Now typically, a one tailed test is more powerful than a two tailed test, and that's why we would prefer it. When we're doing a one tailed test, for a left tailed test, we have reason to believe that the population parameter is lower than the assumed parameter value of the null hypothesis. We're looking at something where we have our-- oops-- we have our distribution. And our assumed [INAUDIBLE] value is there. And for a left tailed test, we are looking at lower and seeing that section there to the left of our value.

On the other hand, with a right tailed test, we have reason to believe that the population parameter is higher than the assumed parameter value for the null hypothesis. So here, we have our distribution. We have our assumed parameter value of the null hypothesis. and then we have reason to believe that our population parameter is somewhere in the zone above that assumed parameter value for the null hypothesis.

One thing to keep in mind is that we typically have a claim in mind test before we start our testing, and before we decide whether or not we're going to do a one tailed or two tailed test. We already have that null hypothesis set up. And we're already deciding and thinking about what we would be testing.

Let's look at some examples and decide whether it's going to be a one tailed test or a two tailed test. Here, we're looking at the question of, will starting a new campaign result in more sales? We're thinking this more here, so we care about whether or not the sales are going to be higher than the assumed value. So that is going to be a one tailed test.

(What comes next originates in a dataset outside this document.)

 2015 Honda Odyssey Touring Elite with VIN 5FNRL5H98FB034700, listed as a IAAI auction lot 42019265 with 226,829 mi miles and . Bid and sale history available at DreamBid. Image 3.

And then our next question is, is the new gold dollar a fair coin? So with a fair coin, you have a 50% chance of coming up heads and a 50% chance of coming up tails. Here, we're just concerned with whether or not the new gold dollar is different from that 50%. We don't care whether it's higher or lower. So this would be a time when we're looking at a two tailed test.

So this has been your tutorial on one tailed and two tailed tests.

Terms to Know
Left-tailed test

A hypothesis test where the alternative hypothesis only states that the parameter is lower than the stated value from the null hypothesis.

One-tailed test

A hypothesis test where the alternative hypothesis only states that the parameter is higher (or lower) than the stated value from the null hypothesis.

Right-tailed test

A hypothesis test where the alternative hypothesis only states that the parameter is higher than the stated value from the null hypothesis.

Two-tailed test

A hypothesis test where the alternative hypothesis states that the parameter is different from the stated value from the null hypothesis; that is, the parameter's value is either higher or lower than the value from the null hypothesis.